Depuis quelques semaines, le ministre Eric Besson remet l’identité nationale au cœur de la vie politique française en proposant d’obliger nos écoliers de chanter au moins une fois l’an l’hymne national. Je ne pense bien évidemment pas que ce débat ait quelque arrière-pensée électoraliste que ce soit, à l’approche des régionales…
Depuis deux semaines, je m’interroge, glanant quelque information, commentaire ou opinion sur cette proposition. Avant toute opinion, un brin d’histoire, la Marseillaise a été créée par Rouget de Lisle en 1792, en pleine Révolution quelques mois avant le début de la Terreur qui rappelons le était une guerre civile et une épuration des nobles par les Sans- Culottes ; ce chant s’appelait à l’origine « Chant de guerre de l’armée du Rhin », car notre hymne n’est pas marseillais mais strasbourgeois.
Depuis une trentaine d’années, des voix s’élèvent pour réformer, moderniser ce chant guerrier, la plus connue de ces voix reste Serge Gainsbourg et son « Aux armes et cetera » qui lui valut quelques bleus fait par des para alsaciens ; nul ne peut nier la violence de certains mots ou phrases, en effet le refrain comprend le célèbre « Qu’un sang impur abreuve nos sillons » et un couplet « Que tes ennemis expirants, voient ton triomphe et notre gloire ». Je ne suis pas un fervent partisan de notre hymne et encore moins de l’obligation de son apprentissage par cœur puis de son chant mais je suis en revanche profondément convaincu de la nécessité de le connaître et de le comprendre en le resituant dans son contexte historique. Obliger de chanter la Marseillaise sans un soupçon de pédagogie ou d’éducation civique serait à mon sens contre-productif, et ne créera absolument pas de sentiment national.
De là, se pose inévitablement la question de l’identité française, qu’est-ce être français en 2009 ? Je pense qu’être français, ce n’est pas nécessairement de connaître par cœur son hymne national, sa devise ou la liste des Présidents depuis Louis-Napoléon Bonaparte. En revanche, je suis persuadé qu’être français c’est de reconnaître un ensemble de valeurs, de lois communes, et de connaître son passé glorieux ou non. On ne doit pas occulter des pans d’histoire de France parce que ceux-ci ne sont pas en adéquation avec l’image de la grandeur de la France ; l’école de la république doit aborder les Croisades et les Guerres de religion avec leurs exactions, le colonialisme, l’évangélisation, l’épuration faite après la Seconde Guerre Mondiale sans oublier bien évidemment les tortures perpétrées pendant la Guerre d’Algérie voire toutes les guerres de décolonialisation.

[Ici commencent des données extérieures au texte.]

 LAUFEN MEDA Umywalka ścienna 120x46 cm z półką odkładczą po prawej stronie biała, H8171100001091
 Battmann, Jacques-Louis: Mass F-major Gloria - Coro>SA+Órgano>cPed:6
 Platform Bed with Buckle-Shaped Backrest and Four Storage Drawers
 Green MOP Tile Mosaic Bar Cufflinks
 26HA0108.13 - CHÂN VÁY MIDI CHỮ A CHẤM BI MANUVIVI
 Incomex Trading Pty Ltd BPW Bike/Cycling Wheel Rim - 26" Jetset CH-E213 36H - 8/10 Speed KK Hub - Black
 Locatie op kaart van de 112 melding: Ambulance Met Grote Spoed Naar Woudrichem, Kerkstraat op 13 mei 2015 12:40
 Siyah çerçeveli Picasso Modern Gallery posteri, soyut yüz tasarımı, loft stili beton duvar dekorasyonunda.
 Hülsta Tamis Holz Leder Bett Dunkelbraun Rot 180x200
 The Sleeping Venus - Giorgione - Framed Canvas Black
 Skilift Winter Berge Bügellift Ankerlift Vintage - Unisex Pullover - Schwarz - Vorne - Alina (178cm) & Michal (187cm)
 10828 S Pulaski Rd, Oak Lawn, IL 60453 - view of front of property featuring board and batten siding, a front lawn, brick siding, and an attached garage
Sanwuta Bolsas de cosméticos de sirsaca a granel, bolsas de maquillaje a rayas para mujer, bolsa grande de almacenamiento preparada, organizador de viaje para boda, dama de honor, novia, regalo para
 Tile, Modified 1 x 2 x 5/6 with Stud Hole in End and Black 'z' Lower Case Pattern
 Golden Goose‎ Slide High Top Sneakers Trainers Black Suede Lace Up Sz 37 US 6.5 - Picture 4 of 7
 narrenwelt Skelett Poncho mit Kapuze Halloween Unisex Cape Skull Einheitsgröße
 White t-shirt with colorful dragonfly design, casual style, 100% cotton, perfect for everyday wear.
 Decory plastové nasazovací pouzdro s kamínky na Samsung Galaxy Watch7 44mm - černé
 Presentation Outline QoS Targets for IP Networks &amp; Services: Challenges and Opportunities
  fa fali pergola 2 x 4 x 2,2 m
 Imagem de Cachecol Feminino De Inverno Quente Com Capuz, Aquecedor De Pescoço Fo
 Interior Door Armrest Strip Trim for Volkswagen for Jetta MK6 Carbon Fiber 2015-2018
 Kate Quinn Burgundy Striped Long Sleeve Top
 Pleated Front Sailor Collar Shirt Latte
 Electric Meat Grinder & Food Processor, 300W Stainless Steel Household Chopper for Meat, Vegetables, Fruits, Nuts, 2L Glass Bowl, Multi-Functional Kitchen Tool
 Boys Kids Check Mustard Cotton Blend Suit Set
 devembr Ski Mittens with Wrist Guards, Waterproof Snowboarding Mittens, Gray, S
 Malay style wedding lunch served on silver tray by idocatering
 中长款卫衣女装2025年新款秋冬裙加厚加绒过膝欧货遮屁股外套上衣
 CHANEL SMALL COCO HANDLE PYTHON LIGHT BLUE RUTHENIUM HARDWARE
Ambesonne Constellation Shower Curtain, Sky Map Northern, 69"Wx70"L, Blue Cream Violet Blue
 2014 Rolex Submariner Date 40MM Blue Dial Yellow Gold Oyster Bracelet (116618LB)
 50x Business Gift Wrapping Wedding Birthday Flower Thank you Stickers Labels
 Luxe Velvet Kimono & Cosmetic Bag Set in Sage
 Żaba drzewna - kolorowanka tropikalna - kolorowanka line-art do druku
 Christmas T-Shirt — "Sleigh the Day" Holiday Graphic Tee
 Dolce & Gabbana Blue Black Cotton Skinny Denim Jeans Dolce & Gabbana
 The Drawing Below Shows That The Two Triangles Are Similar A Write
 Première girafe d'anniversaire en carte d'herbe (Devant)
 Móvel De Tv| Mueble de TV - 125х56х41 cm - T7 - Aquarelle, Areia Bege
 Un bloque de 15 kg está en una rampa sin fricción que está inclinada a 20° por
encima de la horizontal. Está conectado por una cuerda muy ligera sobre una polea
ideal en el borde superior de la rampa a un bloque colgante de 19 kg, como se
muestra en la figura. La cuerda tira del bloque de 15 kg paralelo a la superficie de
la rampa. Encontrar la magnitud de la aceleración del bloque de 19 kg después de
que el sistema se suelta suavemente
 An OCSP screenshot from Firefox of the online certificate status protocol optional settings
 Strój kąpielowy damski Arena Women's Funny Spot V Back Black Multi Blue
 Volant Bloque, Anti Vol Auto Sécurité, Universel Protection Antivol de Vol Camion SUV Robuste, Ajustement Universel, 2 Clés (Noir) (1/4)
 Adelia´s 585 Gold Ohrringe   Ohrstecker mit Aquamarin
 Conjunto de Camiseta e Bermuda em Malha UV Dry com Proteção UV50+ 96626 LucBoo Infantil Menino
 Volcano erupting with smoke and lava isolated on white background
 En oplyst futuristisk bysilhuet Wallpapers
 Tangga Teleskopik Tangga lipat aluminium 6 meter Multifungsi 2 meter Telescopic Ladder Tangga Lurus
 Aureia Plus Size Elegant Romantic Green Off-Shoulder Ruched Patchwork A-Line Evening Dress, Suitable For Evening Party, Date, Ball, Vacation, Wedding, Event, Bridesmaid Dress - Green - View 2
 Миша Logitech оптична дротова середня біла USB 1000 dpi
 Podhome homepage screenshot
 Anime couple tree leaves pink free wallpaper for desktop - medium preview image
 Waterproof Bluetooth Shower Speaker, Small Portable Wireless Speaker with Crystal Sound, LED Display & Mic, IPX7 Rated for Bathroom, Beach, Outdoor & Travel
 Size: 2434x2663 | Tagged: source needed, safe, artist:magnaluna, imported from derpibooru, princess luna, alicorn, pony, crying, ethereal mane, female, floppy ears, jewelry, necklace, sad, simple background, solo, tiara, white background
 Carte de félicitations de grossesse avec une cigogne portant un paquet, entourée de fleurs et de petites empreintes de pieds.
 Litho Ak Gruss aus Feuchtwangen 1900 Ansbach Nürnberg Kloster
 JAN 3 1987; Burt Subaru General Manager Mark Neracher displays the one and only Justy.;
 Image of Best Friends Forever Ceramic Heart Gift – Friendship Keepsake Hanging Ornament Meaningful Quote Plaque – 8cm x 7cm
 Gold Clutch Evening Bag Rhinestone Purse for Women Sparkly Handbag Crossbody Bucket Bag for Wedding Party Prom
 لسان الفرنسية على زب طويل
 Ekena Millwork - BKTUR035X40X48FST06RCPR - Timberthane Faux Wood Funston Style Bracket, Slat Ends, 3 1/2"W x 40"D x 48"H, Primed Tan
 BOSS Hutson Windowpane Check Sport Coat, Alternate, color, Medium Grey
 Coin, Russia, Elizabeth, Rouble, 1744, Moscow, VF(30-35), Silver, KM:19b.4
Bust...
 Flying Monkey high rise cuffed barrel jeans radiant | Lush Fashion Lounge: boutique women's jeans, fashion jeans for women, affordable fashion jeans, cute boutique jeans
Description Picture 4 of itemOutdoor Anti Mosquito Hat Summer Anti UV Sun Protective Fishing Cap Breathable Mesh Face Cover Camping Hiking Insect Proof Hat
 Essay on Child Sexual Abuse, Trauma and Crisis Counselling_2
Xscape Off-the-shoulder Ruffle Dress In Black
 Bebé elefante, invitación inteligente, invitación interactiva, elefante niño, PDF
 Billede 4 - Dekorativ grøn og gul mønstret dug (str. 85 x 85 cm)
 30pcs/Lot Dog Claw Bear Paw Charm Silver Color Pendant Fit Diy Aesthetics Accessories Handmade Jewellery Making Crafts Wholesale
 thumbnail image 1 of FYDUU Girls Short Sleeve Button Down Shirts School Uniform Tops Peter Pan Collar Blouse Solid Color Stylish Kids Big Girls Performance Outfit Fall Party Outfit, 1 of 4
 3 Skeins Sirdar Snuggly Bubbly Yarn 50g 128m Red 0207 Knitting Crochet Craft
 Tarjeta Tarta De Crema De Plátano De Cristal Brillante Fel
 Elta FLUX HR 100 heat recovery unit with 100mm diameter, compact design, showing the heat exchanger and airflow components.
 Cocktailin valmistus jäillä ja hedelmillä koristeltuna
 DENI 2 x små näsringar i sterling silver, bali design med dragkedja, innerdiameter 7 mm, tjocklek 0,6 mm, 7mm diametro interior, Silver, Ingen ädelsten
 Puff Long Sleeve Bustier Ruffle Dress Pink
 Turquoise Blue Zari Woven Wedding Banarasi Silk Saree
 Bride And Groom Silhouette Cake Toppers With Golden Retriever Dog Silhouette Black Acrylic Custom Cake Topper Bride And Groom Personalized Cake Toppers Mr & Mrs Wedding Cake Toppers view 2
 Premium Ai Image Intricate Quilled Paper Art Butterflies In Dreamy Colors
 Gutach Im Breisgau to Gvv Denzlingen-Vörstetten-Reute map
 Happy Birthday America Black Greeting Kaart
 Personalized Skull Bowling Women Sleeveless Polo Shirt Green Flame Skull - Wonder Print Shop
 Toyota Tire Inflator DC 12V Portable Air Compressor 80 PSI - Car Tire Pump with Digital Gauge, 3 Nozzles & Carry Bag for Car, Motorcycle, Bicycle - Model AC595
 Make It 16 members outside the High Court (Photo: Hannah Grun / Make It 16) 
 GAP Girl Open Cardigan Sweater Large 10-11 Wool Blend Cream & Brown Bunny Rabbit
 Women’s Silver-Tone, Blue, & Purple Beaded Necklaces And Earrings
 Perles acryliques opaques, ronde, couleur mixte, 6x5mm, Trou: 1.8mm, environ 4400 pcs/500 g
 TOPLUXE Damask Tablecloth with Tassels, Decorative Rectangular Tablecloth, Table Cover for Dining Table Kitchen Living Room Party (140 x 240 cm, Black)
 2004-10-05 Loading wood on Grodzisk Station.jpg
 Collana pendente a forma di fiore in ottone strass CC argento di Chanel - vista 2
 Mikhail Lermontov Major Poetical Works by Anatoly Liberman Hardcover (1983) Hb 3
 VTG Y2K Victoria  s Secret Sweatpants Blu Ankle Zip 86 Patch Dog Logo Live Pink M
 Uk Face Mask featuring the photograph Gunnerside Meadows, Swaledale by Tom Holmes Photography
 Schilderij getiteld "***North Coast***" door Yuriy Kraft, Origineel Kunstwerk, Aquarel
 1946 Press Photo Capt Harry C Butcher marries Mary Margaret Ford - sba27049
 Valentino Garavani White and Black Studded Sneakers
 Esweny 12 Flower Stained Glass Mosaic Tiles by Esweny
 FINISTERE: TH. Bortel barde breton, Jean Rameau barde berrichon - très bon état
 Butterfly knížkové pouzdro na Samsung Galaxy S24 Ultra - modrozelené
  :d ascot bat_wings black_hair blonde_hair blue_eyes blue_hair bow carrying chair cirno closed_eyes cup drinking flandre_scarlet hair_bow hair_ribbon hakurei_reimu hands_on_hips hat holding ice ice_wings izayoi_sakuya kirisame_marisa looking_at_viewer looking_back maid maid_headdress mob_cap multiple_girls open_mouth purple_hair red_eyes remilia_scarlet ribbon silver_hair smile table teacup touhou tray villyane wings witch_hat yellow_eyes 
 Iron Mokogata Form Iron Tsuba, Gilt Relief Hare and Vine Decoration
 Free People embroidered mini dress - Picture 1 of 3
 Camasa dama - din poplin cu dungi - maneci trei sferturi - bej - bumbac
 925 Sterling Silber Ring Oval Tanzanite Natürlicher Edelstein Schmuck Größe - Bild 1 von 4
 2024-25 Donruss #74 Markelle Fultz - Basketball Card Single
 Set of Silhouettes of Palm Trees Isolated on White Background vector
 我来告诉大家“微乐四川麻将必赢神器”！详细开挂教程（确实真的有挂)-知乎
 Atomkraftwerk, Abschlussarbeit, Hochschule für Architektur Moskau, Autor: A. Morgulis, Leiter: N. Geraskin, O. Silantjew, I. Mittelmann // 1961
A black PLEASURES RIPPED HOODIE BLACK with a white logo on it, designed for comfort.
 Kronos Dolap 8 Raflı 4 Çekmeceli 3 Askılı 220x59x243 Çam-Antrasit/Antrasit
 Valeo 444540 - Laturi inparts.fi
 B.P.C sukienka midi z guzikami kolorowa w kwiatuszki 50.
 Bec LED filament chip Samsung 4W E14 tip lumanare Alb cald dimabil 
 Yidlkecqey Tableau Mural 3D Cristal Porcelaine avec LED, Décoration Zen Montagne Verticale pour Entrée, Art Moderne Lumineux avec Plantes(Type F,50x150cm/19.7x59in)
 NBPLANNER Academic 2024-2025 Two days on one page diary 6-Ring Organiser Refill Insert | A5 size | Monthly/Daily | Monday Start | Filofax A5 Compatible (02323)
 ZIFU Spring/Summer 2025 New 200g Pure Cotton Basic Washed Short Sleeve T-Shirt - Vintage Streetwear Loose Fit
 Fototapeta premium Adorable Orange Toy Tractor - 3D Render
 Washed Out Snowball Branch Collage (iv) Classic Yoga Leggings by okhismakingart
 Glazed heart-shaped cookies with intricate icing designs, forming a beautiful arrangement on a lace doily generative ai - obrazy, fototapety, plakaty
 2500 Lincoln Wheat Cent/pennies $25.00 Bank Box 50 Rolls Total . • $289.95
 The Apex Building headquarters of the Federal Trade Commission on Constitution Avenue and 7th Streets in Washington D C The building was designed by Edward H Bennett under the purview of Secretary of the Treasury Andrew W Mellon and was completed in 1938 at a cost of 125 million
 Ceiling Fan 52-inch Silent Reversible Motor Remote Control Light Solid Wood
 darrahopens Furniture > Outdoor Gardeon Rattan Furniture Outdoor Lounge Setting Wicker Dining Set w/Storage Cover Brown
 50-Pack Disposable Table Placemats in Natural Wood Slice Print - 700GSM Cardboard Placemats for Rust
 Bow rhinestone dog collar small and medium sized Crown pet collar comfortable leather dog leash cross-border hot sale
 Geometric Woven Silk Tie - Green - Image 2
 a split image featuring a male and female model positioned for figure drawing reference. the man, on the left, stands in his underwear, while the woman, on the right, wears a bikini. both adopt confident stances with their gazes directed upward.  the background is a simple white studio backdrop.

Etre français c’est connaître le passé de notre vieille France dans son ensemble mais aussi respecter et se reconnaître dans un ensemble de valeurs et une culture, culture et valeurs qui nous caractérisent selon nos voisins et qui sont issues des Lumières et des grands philosophes de notre beau pays comme les droits de l’Homme, la liberté de conscience, d’expression de circulation, l’égalité entre hommes et femmes, entre les citoyens français, la laïcité qui protège le fait d’avoir une religion ou pas et de pouvoir la pratiquer sans entrave, la solidarité et l’humanisme qui vont de paire avec la fraternité et notre bon vieux droit du sol garantissant la nationalité à tout individu né sur le sol français peu importe sa couleur, son origine sociale ou sa confession.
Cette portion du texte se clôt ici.